If you study economics, increased productivity has always been the driver of increasing real wages. It seems counter-intuitive, but without productivity growth you can’t have wage growth without commensurate inflation.
They worried about massive job losses when horseless carriages put the blacksmiths out of business. They worried about massive job losses when the computer put secretaries out of business. The economy always grows and expands and creates new jobs and opportunities when productivity increases.
M3 nailed it. A "study of economics" does not teach us that workers capture the value of increased productivity. Worker compensation is a result of supply and demand. Surplus value is captured by owners.
I still think that AI will empower more than it replaces. In the near term, I think there'll be a lot of churn and people will "feel" like the job market is worse than the numbers indicate. But over time, we'll find the limits of the technology and figure out where skilled humans add the most value and the market will rebalance.
That or we see a complete labor revolution with either universal basic income or massive strikes 🤷♂️
We revolt at dawn.
I rode into the sunset without yall
The flow: AI (takes white collar jobs) > Robotics expansion (takes blue collar jobs) > social programs kick in and UBI or revolution (pick one or both)
Keep in mind…Society starts unraveling at 12% unemployment; estimates for AI alone range 30-60% (great depression was 35%). For countries that don’t have social policies in place and collective mindset (ie US), it’s going to be a tough show.
Will there be 100% unemployment? Likely not, but even a conservative 30% has massive implications.
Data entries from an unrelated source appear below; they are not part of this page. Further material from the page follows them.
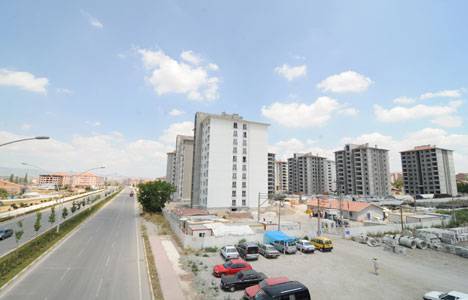 çorum Devane Kentsel Dönüşüm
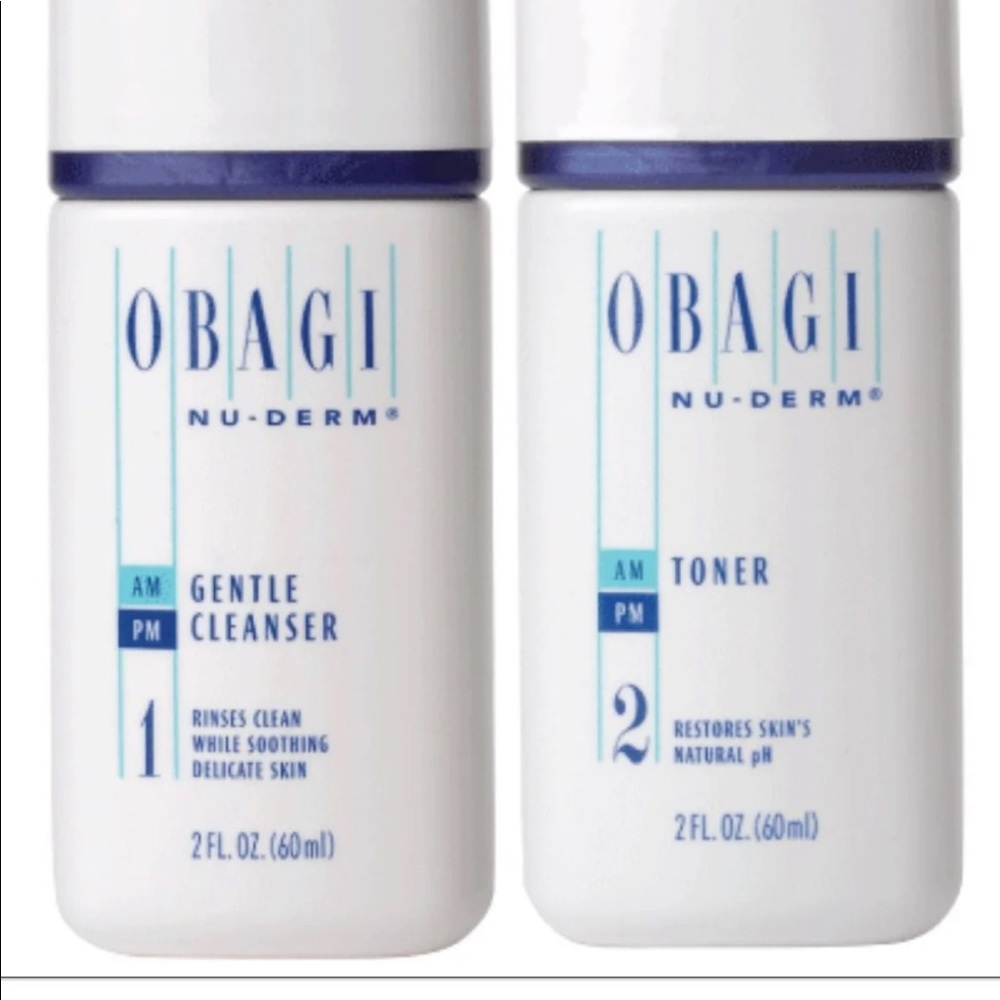 OBAGI Gentle Cleanser travel size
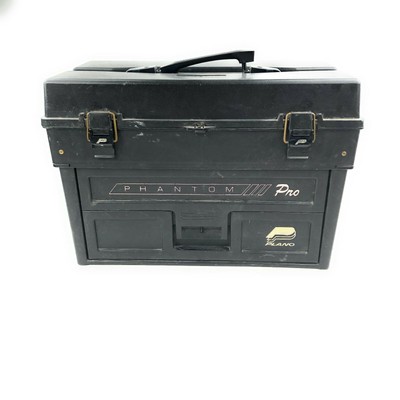 Tackle Boxes Tackle Box 4 Drawer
For everyone saying “see every other transformation “, this one is different because it hits the aspirational white collar jobs and accelerates the loss of blue collar jobs without many replacement opportunities.
Chief
The billionaires should have a think on this
See: every tech revolution in human history.
Hearing this 2022 hot take is a lot like hearing people discuss Bitcoin as the wave of the future
We need to ask the tech overlords and see what their plan is…oh, wait they don’t care, they just want to ensure they are the ruling class and we are the wage labor because we are too stupid to make decisions for ourselves
Chief
I see you have been listening to the “All In” podcast
I think we will find an equilibrium at some point for some of these reasons. In addition, people are having less children so we are probably going to hit a state of declining population and AI will help make up for that declining population
Rising Star
Some sound reasoning. We will see a significantly lower world population by 2050. That’s not an unsubstantiated claim. Japan was one of the first countries to experience serious population decline. Have you read about what that means in Japan today??
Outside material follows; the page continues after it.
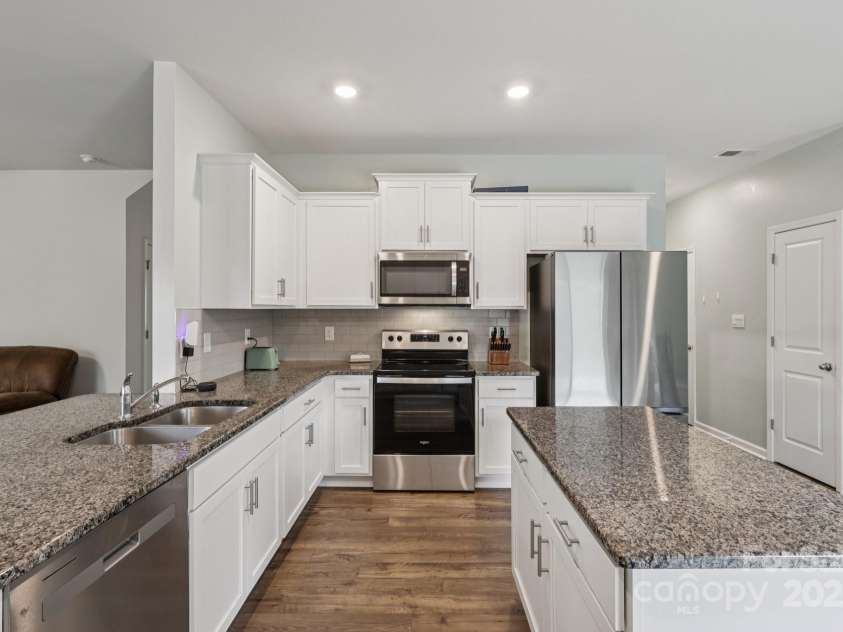 347 Carolina Hemlock Drive, Locust, NC 28097.  MLS# CAR4310627, YatesRealty ID 1166.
I worry about the adjustment though because AI in two years is going to eliminate a lot of white collar and admin jobs. It can’t replace things like home repairs or things that can’t be made repetitive, but that leaves a lot that can’t be. Worries me in a serious way.
Same scenario as when electricity and the gas engine replaced manual labor.
AI leads to higher productivity in a world where Asia and Europe will have a massive drop in 18-55 population. So its a big win, potentially like steam engines or electricity.
If that cost outweighs the impact investments will stop. But from what im seeing on the power end massive investments are being made to meet those needs.